==== RECORDS PROVIDED

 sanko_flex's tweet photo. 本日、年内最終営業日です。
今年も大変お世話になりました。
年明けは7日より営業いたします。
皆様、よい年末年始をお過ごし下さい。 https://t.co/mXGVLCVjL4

========
==== RECORDS PROVIDED

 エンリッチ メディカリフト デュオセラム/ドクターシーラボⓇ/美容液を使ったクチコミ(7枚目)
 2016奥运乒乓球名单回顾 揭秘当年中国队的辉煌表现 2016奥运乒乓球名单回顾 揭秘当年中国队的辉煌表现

========

• WORK ITEM:
Starting with the line above that holds "年明けは7日より営業いたします。" and stopping with the line that holds "皆様、よい年末年始をお過ごし", reproduce each line exactly, omitting all other lines.

• RESULT OF THE TASK:
年明けは7日より営業いたします。
皆様、よい年末年始をお過ごし下さい。 https://t.co/mXGVLCVjL4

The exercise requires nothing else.